**Task:** Reprint the lines below as they are, minus the pictures.

Top of Data

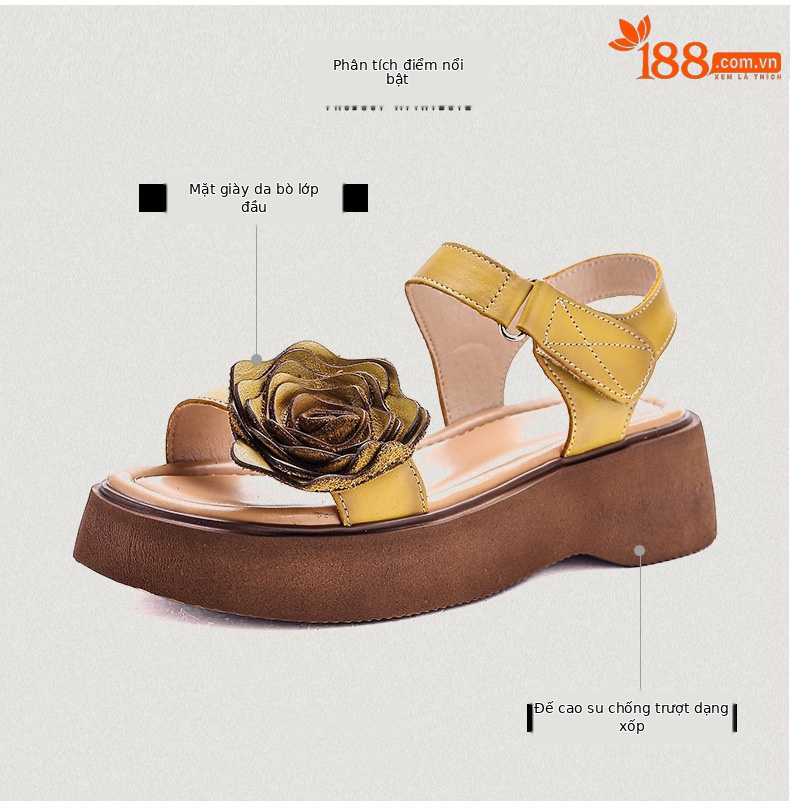Sandal hở mũi nữ da bò thật đế dày phong cách La Mã cổ điển — Màu trắng be chi tiết 3
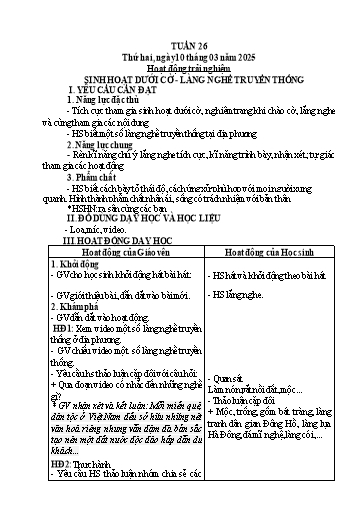 Kế hoạch bài dạy Tiếng Việt + Toán 3 (Kết nối tri thức) - Tuần 26 - Năm học 2024-2025 - Hoàng Thị Như Uyên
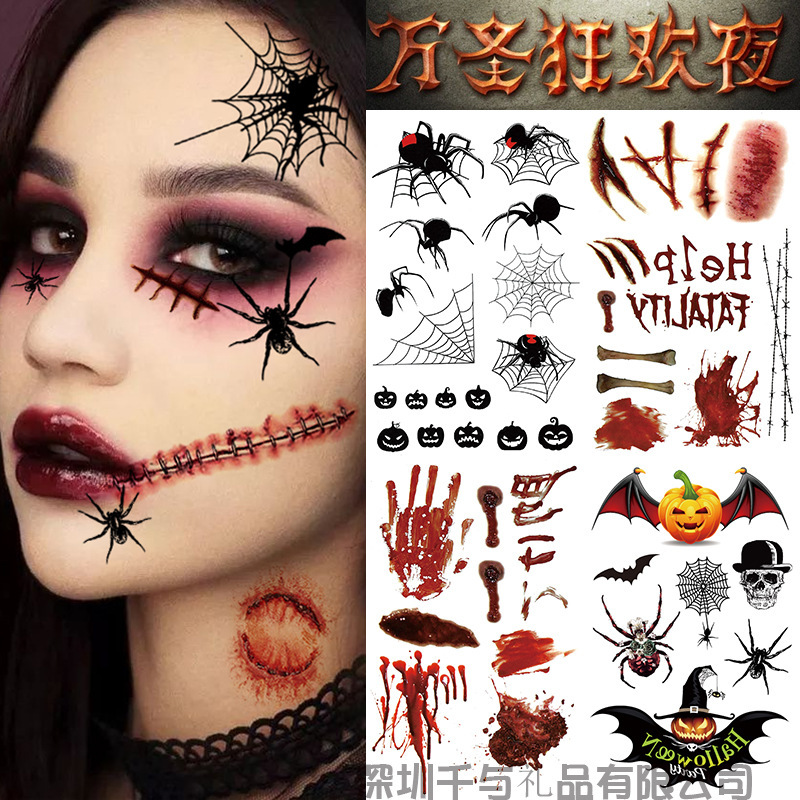 Halloween Tattoo Stickers Fake Scar Bleeding Spider Funny Scary Realistic Temporary Tattoo Tattoo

Bottom of Data

**Completed exercise:**
Sandal hở mũi nữ da bò thật đế dày phong cách La Mã cổ điển — Màu trắng be chi tiết 3
 Kế hoạch bài dạy Tiếng Việt + Toán 3 (Kết nối tri thức) - Tuần 26 - Năm học 2024-2025 - Hoàng Thị Như Uyên
 Halloween Tattoo Stickers Fake Scar Bleeding Spider Funny Scary Realistic Temporary Tattoo Tattoo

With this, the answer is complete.